Trainspotting – a controversial drug-drama

A frantic, thrilling and rebellious story featuring controversial topics such as drug addiction, friendship and growing up under deceptive circumstances – that’s what the film Trainspotting is about.

Mark Renton is a young heroin junkie from Edinburgh, Scotland, trying to get rid of his drug addiction. This leads to a series of challenges regarding his family, friends, lifestyle and acceptance.

The film starts by showing the junkies lifestyle. Mark Renton and his junkie friends are living in a small shabby apartment, which is used as a safe place for consuming heroin together almost all day long. One day Mark decides to quit heroin. That’s when the plot changes. He locks himself in a cheap hotel room geared up with food for several days to overcome the heavy withdrawal. When he then finally succeeds and gets rid of his addiction, Renton goes to a club. There he meets a girl named Diane, with whom he then leaves. In the moring, he realises that Diane is a 15-year-old schoolgirl. Wanting to leave her, she blackmails him telling the police if he wouldn’t come back. Later during the course of the film Diane takes an important role as the new „generation“ of friends for Mark, not being a drug addict.

But being clean doesn’t last for a long time. Just when everything seems fine, Sick Boy and Spud, who quit heroin contemporaneous with Mark, start using heroin again. And with that being the trigger for Renton to take drugs again, too, the spiral of drug addiction repeats.

Without revealing the further progress of the film too much, it can be said, that an unsteady and pulsating struggle between friendship, parents, drugs and living follows. Looking at the whole story in retrospect the films topic could rather be referred as ‚friendship‘ than ‚drug addiction‘. The conflict to decide between knowing what would be right and knowing what your friends expect you to do pops up like a leitmotif now and then.

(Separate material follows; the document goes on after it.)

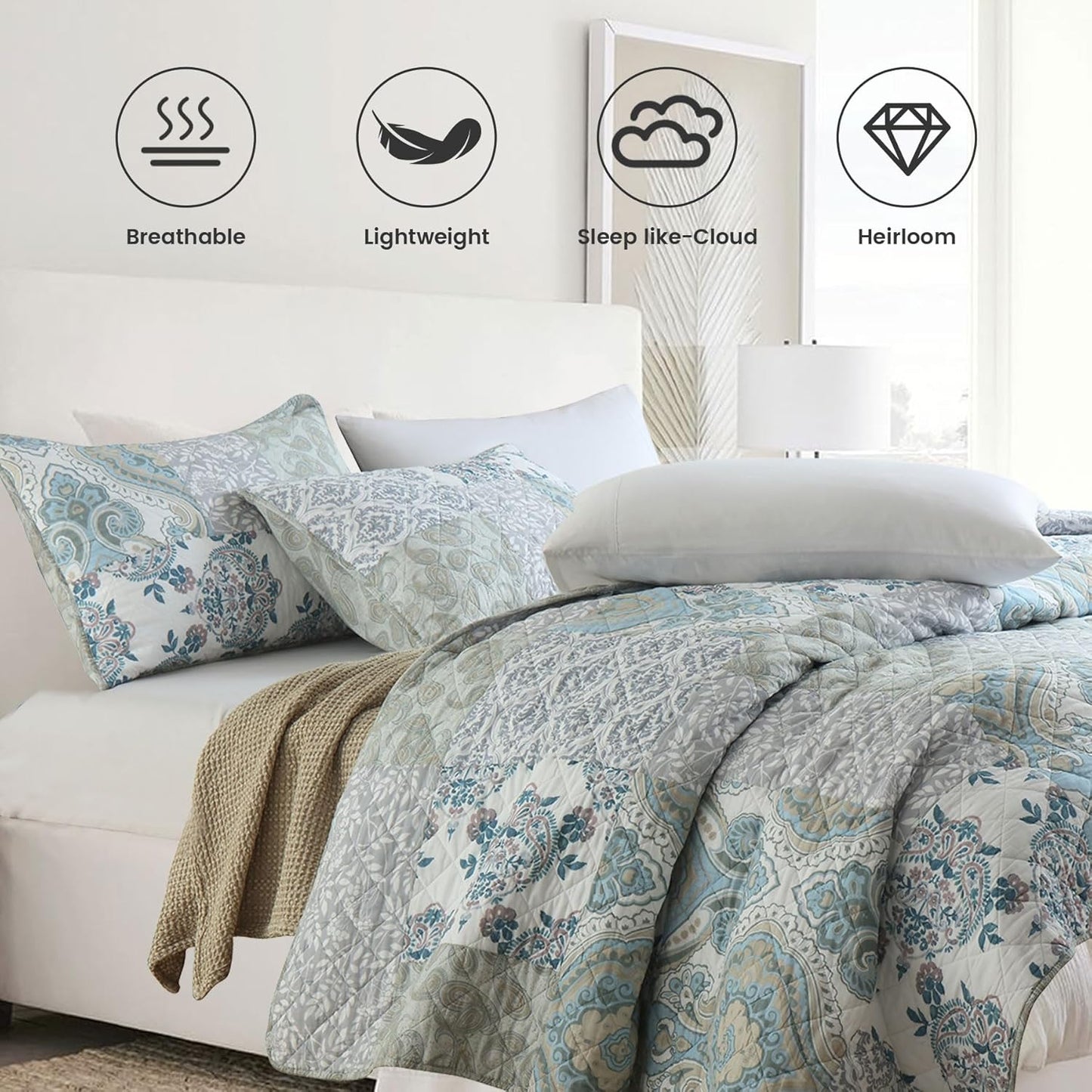 Secgo Queen Size Comforter Set- 100% Cotton Quilt Queen Size Set, Green, Sage bedspreads (90 * 96 Inch) with 2 Pillow Shams, Patchwork Reversible Lightweight Bedding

With that being said we won’t consider this film the typical „drug-addiction-film“ but much more a film dealing with friendship and the impact it has on an individual on the basis of a story telling the life of drug addicts. On the other hand this does not mean you wouldn’t get what you’d expect by reading the films description: Scenes showing excessive heroin use and psychedelic trips paired with the dirty reprehensible downsides of it all.